▶ _What you are asked to do_
Copy each line, word for word, from the one with "LOTE DE TERRENO" through the final line of the listing, but skip the pictures.

▶ _Given entries_
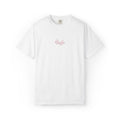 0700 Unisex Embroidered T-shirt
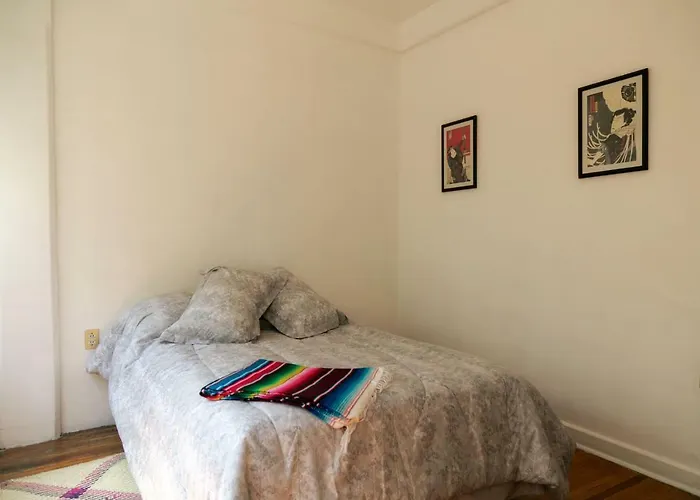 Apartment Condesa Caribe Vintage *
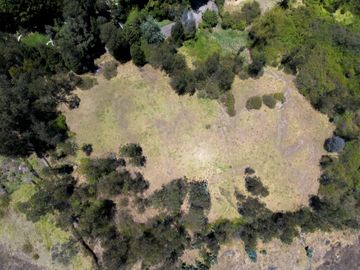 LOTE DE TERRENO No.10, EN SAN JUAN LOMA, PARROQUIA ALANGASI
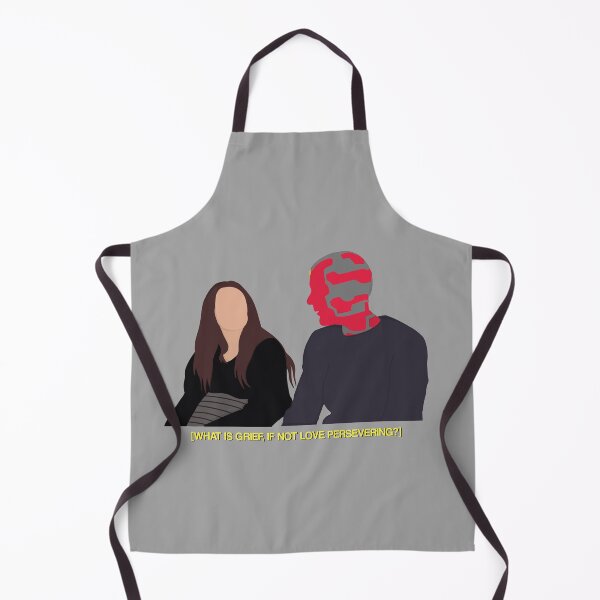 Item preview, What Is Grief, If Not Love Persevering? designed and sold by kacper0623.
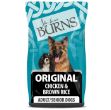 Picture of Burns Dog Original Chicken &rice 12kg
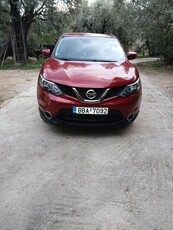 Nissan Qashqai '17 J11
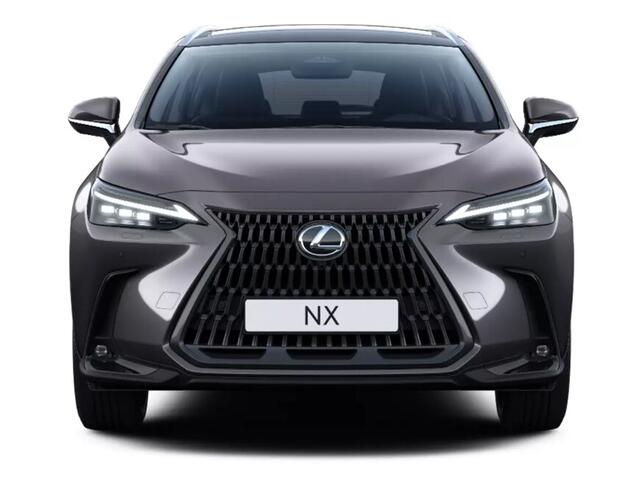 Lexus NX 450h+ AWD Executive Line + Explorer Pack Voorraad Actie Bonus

▶ _Result for this task_
 LOTE DE TERRENO No.10, EN SAN JUAN LOMA, PARROQUIA ALANGASI
 Item preview, What Is Grief, If Not Love Persevering? designed and sold by kacper0623.
 Picture of Burns Dog Original Chicken &rice 12kg
 Nissan Qashqai '17 J11
 Lexus NX 450h+ AWD Executive Line + Explorer Pack Voorraad Actie Bonus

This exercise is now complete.